Short descriptive text snippets:
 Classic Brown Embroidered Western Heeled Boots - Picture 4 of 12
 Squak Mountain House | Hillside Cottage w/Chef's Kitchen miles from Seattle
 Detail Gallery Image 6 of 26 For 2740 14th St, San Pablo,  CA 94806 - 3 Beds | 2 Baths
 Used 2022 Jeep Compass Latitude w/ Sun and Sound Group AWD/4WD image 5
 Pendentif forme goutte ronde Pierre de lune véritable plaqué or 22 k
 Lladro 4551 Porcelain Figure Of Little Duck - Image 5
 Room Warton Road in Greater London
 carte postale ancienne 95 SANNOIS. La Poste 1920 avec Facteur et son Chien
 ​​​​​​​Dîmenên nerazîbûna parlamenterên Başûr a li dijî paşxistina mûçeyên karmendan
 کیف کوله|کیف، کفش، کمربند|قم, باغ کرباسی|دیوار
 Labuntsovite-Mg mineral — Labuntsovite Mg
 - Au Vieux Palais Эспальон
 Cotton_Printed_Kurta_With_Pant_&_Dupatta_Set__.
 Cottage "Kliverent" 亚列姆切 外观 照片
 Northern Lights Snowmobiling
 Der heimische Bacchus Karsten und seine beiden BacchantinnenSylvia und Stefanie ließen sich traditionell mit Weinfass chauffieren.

> **YOUR GOAL**:
Retype each entry exactly, leaving none of them out.

> **ANSWER FOR THIS EXERCISE**:
 Classic Brown Embroidered Western Heeled Boots - Picture 4 of 12
 Squak Mountain House | Hillside Cottage w/Chef's Kitchen miles from Seattle
 Detail Gallery Image 6 of 26 For 2740 14th St, San Pablo,  CA 94806 - 3 Beds | 2 Baths
 Used 2022 Jeep Compass Latitude w/ Sun and Sound Group AWD/4WD image 5
 Pendentif forme goutte ronde Pierre de lune véritable plaqué or 22 k
 Lladro 4551 Porcelain Figure Of Little Duck - Image 5
 Room Warton Road in Greater London
 carte postale ancienne 95 SANNOIS. La Poste 1920 avec Facteur et son Chien
 ​​​​​​​Dîmenên nerazîbûna parlamenterên Başûr a li dijî paşxistina mûçeyên karmendan
 کیف کوله|کیف، کفش، کمربند|قم, باغ کرباسی|دیوار
 Labuntsovite-Mg mineral — Labuntsovite Mg
 - Au Vieux Palais Эспальон
 Cotton_Printed_Kurta_With_Pant_&_Dupatta_Set__.
 Cottage "Kliverent" 亚列姆切 外观 照片
 Northern Lights Snowmobiling
 Der heimische Bacchus Karsten und seine beiden BacchantinnenSylvia und Stefanie ließen sich traditionell mit Weinfass chauffieren.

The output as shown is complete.